Libraries Looking Across Languages: Seeing the World Through Mass Translation

The following is a guest post by Kalev Hannes Leetaru, Senior Fellow, George Washington University Center for Cyber & Homeland Security. Portions adapted from a post for the Knight Foundation.

Geotagged tweets November 2012 colored by language.

Geotagged tweets November 2012 colored by language.

Imagine a world where language was no longer a barrier to information access, where anyone can access real-time information from anywhere in the world in any language, seamlessly translated into their native tongue and where their voice is equally accessible to speakers of all the world’s languages. Authors from Douglas Adams to Ethan Zuckerman have long articulated such visions of a post-lingual society in which mass translation eliminates barriers to information access and communication. Yet, even as technologies like the web have broken down geographic barriers and increasingly made it possible to access information from anywhere in the world, linguistic barriers mean most of those voices remain steadfastly inaccessible. For libraries, mass human and machine translation of the world’s information offers enormous possibilities for broadening access to their collections. In turn, as there is greater interest in the non-Western and non-English world’s information, this should lead to a greater focus on preserving it akin to what has been done for Western online news and television.

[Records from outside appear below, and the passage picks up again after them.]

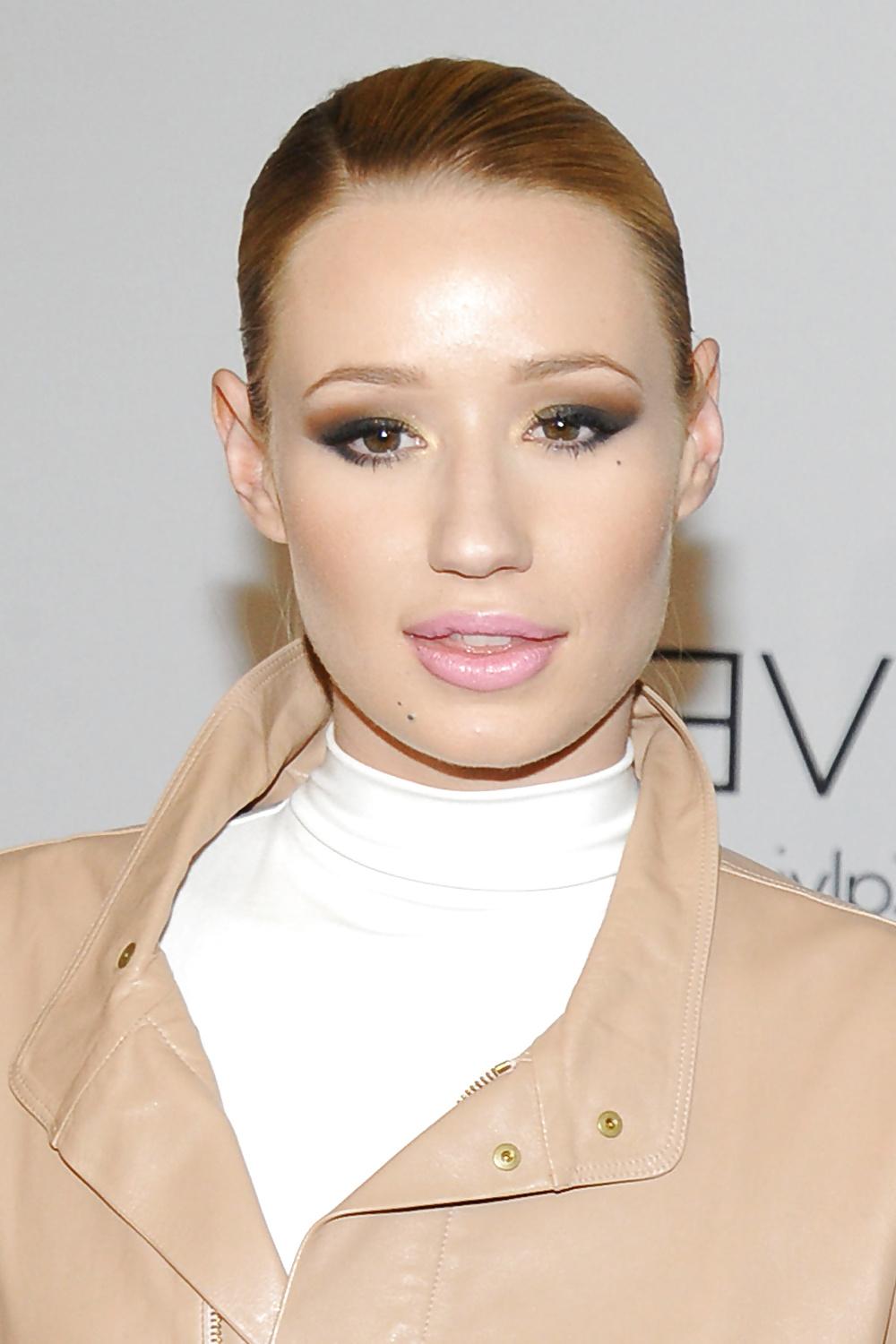 5P Iggy Azalea nude trench coat and black leather high boots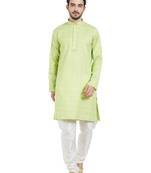 Green cotton poly traditional self design kurta pajama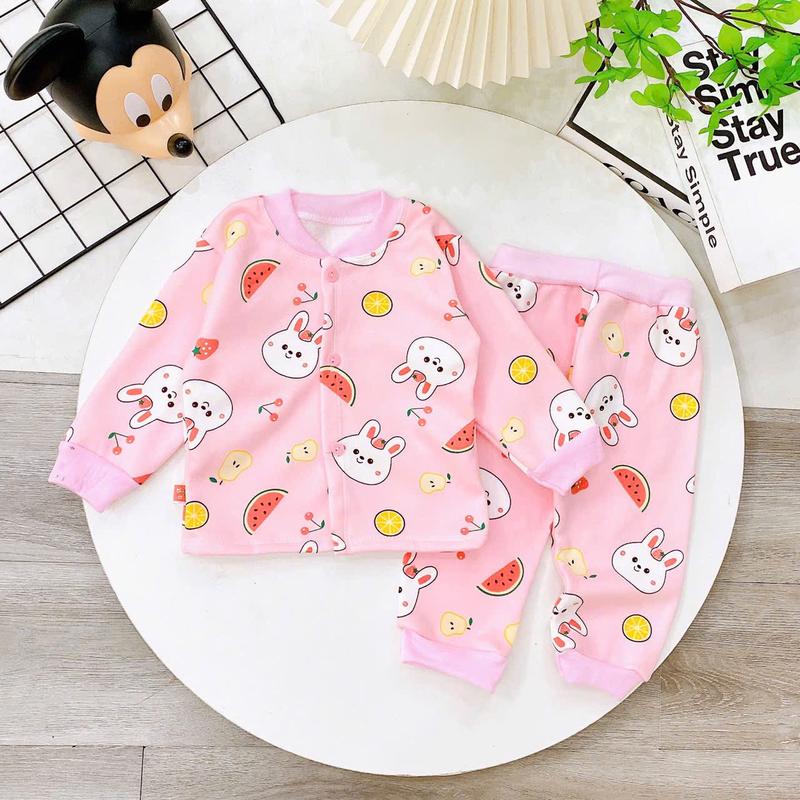 Combo 5 bộ nỉ bông,cài khuy trước cho bé gái ,họa tiết đễ thương 1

There have been many attempts to make information accessbile across language barriers using both human and machine translation. During the 2013 Egyptian uprising, Twitter launched live machine translation of Arabic-language tweets from select political leaders and news outlets, an experiment which it expanded for the World Cup in 2014 and made permanent this past January with its official “Tweet translation” service. Facebook launched its own machine translation service in 2011, while Microsoft recently unveiled live spoken translation for Skype. Turning to human translators, Wikipedia’s Content Translation program combines machine translation with human correction in its quest to translate Wikipedia into every modern language and TED’s Open Translation Project has brought together 20,000 volunteers to translate 70,000 speeches into 107 languages since 2009. Even the humanitarian space now routinely leverages volunteer networks to mass translate aid requests during disasters, while mobile games increasingly combine machine and human translation to create fully multilingual chat environments.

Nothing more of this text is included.